The U.S. Department of Labor (DOL) issued the final regulation related to Qualified Default Investment Alternatives (QDIA) on October 24, 2007 in 401(k) and other defined contribution retirement plans that permit participants to direct the investment of their accounts. The permitted types of QDIAs are life cycle, managed account options and balanced funds, but stable value and other capital preservation funds are given only short term QDIA status. The regulation provides fiduciary relief for covered plans when the participant or beneficiary does not make an affirmative investment election, provided the specified QDIA are used. The new regulation will become effective on December 24th. While these regulations apply to Employee Retirement Income Security Act of 1974 (ERISA) plans, non-ERISA plans such as 457 plans have generally viewed the principles contained in ERISA as "best practices." Recognizing that some plan sponsors adopted stable value products as their default investment prior to passage of the Pension Protection Act of 2006 (PPA) and of this final regulation, the new regulation provides a transition rule. The regulation "grandfathers" these arrangements by providing relief for contributions invested in stable value products prior to the effective date of the final rule. However, the transition rule does not provide relief for future contributions to stable value products.

Background

The PPA removed impediments to employers adopting automatic enrollment, including employer fears of legal liability for market fluctuations and the applicability of state wage withholding laws. These impediments prevented many employers from adopting automatic enrollment, or led them to invest workers' contributions in low-risk, low-return "default" investments. The PPA directed DOL to issue a regulation to assist employers in selecting default investments that best serve the retirement needs of workers who do not direct their own investments.

Summary of Qualified Default Investment Alternatives

The final regulation does not identify specific investment products — rather, it describes mechanisms for investing participant contributions. This is to ensure that an investment qualifying as a QDIA is appropriate as a single investment capable of meeting a worker's long-term retirement savings needs.

The types of QDIAs are:

  1. A product with a mix of investments that takes into account the individual's age or retirement date (such as a life-cycle or targeted-retirement-date fund);
  2. An investment service that allocates contributions among existing plan options to provide an asset mix that takes into account the individual's age or retirement date (such as a professionally managed account);
  3. A product with a mix of investments that takes into account the characteristics of the group of employees as a whole, rather than each individual (such as a balanced fund).
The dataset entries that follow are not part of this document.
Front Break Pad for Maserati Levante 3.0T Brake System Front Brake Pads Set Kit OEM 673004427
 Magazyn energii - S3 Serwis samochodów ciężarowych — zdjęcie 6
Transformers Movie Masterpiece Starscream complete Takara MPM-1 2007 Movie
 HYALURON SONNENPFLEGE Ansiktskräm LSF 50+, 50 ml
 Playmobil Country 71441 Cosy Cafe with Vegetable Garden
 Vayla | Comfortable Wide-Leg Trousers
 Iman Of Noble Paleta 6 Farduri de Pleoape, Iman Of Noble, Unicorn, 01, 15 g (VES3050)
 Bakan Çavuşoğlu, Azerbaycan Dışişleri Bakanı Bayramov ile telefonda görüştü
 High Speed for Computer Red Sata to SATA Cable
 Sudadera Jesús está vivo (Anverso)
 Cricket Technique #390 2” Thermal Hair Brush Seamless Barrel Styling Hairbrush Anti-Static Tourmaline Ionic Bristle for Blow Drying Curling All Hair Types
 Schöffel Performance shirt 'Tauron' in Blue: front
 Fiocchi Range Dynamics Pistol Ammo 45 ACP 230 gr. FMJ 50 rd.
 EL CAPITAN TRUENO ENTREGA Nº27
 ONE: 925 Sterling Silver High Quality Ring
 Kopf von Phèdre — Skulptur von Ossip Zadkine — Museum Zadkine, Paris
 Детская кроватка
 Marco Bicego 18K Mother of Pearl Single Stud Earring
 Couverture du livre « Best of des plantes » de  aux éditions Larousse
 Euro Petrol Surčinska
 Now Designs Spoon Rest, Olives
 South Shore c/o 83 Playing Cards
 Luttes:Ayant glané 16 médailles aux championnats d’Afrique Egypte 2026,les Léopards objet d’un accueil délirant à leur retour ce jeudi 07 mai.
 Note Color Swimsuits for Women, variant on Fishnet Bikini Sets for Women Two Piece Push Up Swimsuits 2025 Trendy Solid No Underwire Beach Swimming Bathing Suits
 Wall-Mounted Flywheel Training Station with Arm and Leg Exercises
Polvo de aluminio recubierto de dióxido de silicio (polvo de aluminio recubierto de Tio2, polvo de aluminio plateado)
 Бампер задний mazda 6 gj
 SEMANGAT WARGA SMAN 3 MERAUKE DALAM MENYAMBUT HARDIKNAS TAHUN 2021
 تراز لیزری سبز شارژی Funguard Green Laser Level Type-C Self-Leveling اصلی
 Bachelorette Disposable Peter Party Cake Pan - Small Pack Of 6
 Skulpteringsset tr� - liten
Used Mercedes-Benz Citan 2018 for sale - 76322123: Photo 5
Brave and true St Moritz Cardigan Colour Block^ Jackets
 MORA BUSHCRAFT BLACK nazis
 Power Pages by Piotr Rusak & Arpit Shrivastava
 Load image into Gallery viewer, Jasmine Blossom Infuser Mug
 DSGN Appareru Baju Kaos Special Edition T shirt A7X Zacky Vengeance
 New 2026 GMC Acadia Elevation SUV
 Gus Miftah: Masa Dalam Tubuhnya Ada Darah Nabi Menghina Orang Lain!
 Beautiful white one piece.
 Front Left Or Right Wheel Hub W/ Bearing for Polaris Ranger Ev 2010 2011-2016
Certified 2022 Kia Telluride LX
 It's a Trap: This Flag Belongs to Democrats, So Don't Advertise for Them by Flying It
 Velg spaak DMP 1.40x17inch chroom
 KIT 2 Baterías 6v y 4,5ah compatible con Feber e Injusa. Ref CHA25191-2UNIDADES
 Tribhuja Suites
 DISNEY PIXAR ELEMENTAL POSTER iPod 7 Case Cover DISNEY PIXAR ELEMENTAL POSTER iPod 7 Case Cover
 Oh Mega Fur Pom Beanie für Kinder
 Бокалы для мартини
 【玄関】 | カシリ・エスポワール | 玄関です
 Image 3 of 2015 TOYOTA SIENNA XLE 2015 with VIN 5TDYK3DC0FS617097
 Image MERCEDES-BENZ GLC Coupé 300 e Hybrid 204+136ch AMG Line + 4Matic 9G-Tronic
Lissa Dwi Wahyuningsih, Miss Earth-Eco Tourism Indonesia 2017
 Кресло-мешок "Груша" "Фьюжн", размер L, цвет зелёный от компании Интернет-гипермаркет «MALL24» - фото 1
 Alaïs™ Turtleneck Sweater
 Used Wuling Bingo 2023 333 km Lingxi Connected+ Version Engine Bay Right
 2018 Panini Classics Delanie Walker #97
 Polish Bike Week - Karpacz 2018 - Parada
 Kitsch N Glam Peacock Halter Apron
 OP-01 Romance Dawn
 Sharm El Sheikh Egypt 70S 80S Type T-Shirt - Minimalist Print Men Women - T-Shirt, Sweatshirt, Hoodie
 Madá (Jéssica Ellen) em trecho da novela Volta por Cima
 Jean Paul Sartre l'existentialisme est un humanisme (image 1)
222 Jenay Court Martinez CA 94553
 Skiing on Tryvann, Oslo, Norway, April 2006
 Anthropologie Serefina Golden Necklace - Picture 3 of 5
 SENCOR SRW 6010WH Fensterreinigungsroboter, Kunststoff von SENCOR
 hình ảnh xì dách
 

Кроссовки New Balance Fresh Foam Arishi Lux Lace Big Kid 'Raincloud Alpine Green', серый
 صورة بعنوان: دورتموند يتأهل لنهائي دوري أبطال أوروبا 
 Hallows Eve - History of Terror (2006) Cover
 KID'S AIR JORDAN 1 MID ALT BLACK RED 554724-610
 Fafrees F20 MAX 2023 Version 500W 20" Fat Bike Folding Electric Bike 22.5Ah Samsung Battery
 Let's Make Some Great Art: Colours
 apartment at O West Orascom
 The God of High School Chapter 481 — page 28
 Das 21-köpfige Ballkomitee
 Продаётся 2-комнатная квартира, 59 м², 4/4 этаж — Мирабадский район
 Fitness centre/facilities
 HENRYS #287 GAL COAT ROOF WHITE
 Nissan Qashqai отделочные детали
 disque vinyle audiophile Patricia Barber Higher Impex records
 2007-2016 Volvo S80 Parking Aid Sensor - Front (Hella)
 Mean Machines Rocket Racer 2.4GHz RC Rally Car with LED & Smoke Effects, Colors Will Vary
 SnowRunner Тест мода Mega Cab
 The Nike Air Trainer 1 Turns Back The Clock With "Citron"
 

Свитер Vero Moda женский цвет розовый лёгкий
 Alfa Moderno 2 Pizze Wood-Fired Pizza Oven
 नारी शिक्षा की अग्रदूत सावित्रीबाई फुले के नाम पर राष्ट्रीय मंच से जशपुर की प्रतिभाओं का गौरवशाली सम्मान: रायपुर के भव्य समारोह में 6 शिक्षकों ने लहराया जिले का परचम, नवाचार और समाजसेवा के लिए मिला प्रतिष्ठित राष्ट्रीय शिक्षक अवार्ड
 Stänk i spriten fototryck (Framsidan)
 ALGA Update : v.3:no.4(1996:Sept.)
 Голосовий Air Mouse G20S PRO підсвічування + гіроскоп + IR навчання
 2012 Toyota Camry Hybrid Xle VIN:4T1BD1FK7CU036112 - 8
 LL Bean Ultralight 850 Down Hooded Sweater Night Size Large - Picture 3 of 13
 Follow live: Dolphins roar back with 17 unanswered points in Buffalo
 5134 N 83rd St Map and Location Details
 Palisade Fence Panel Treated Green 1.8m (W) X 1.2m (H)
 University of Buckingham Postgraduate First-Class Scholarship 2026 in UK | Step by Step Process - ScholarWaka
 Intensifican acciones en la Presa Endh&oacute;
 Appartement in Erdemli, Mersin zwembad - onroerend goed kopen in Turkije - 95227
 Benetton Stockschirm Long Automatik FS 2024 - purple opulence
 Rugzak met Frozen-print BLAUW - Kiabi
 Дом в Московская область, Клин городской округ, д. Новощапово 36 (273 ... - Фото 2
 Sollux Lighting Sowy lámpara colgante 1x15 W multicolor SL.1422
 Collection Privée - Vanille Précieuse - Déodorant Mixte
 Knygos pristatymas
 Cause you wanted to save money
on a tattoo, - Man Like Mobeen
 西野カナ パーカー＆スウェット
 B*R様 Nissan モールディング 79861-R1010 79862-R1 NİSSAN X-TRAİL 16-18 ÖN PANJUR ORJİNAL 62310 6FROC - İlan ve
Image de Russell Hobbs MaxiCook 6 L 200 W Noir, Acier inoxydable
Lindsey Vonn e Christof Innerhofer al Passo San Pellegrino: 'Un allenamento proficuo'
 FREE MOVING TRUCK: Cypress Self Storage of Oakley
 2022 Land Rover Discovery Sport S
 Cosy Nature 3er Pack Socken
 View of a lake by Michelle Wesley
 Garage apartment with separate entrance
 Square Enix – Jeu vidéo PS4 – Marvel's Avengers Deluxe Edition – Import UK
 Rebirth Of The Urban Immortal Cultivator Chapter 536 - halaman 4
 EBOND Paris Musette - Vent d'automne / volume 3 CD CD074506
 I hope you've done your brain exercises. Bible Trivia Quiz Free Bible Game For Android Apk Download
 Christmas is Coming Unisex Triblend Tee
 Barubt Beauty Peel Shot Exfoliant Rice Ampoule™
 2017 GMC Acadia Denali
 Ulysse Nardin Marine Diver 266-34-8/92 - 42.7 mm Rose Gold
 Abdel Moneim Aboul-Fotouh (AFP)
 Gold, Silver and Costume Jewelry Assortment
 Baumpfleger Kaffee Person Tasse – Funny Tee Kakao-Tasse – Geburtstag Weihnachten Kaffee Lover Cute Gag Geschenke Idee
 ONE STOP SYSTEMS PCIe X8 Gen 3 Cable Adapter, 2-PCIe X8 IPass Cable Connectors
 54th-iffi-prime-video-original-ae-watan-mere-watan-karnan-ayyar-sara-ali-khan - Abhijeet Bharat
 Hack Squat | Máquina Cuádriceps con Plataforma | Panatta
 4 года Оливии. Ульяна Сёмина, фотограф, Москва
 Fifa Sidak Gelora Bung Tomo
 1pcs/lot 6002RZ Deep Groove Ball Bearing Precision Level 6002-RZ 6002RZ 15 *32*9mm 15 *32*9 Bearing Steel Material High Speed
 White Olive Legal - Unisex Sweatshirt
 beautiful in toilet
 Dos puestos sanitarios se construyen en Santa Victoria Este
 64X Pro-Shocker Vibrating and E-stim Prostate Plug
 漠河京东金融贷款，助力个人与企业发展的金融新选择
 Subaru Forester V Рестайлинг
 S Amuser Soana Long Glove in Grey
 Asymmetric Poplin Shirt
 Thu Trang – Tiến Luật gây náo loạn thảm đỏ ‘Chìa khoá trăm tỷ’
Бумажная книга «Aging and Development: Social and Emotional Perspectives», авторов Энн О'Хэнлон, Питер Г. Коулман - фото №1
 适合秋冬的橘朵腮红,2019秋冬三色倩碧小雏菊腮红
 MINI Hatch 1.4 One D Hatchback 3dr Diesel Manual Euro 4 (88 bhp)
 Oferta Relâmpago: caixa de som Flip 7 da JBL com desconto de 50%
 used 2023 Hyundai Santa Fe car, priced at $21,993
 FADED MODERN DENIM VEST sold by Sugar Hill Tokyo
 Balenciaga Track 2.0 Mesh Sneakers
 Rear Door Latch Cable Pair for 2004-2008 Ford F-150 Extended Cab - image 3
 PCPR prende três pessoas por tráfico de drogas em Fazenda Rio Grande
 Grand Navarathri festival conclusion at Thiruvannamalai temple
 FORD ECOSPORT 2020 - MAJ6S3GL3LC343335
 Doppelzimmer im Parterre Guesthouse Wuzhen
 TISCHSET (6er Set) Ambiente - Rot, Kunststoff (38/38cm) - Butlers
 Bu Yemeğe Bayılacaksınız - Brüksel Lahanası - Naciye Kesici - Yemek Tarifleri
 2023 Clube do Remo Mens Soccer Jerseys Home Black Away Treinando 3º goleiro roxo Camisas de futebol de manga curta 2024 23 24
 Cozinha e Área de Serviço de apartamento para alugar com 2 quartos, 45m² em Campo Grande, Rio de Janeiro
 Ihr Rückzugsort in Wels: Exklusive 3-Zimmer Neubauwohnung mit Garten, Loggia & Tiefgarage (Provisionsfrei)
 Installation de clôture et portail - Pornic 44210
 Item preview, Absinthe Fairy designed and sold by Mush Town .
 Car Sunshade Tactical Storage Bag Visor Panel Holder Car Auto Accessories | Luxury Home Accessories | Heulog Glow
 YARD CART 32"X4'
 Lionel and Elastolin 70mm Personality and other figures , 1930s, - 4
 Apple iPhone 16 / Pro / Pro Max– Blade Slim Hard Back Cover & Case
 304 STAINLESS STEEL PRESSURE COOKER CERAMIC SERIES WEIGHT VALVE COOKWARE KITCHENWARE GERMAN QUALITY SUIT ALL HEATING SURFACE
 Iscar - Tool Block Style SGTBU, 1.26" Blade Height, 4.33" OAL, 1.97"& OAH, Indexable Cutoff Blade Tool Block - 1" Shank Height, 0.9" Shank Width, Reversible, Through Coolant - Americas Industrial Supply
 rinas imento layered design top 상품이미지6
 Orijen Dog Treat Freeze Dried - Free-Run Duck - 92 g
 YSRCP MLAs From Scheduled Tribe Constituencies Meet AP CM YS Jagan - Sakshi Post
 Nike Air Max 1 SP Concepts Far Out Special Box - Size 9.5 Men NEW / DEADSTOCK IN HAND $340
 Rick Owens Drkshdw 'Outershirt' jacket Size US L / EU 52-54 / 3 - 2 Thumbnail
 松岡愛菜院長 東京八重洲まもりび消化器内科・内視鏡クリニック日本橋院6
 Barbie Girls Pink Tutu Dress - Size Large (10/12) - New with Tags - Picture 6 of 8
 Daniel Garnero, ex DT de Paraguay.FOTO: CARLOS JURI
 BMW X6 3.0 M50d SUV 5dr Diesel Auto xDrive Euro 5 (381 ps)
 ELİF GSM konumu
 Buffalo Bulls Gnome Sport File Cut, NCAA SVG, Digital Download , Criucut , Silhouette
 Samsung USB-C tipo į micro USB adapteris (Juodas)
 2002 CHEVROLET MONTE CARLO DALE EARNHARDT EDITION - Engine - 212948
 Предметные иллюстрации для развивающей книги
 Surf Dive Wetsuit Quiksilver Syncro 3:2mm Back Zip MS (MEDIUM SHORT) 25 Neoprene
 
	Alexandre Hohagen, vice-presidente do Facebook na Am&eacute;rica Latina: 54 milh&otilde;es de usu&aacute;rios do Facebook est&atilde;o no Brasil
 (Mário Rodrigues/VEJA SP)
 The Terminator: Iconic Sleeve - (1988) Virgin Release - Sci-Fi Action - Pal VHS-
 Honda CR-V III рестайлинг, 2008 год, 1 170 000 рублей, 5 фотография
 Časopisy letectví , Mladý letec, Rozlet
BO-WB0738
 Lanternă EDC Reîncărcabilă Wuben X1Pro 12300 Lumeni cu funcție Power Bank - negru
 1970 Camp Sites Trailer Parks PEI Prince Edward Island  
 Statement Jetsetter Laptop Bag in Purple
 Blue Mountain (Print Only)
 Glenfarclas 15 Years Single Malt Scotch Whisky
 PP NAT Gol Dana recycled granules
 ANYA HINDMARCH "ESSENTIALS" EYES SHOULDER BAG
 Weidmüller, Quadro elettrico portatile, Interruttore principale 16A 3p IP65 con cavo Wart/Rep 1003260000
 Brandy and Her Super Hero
Capital preservation products are also identified, but only as short-term options for the first 120 days of participation.

Elements for Safe Harbor Relief

The final regulation provides the following conditions that must be satisfied in order to obtain safe harbor relief from fiduciary liability for investment outcomes:

  • Assets must be invested in a "qualified default investment alternative" as defined in the regulation.
  • Participants and beneficiaries must have been given an opportunity to provide investment direction, but have not done so.
  • A notice generally must be furnished to participants and beneficiaries in advance of the first investment in the QDIA and annually thereafter. The rule describes the information that must be included in the notice.
  • Material, such as investment prospectuses, provided to the plan for the QDIA, must be furnished to participants and beneficiaries.
  • The plan must offer a "broad range of investment alternatives" as defined in the Department's regulation under section 404(c) of ERISA.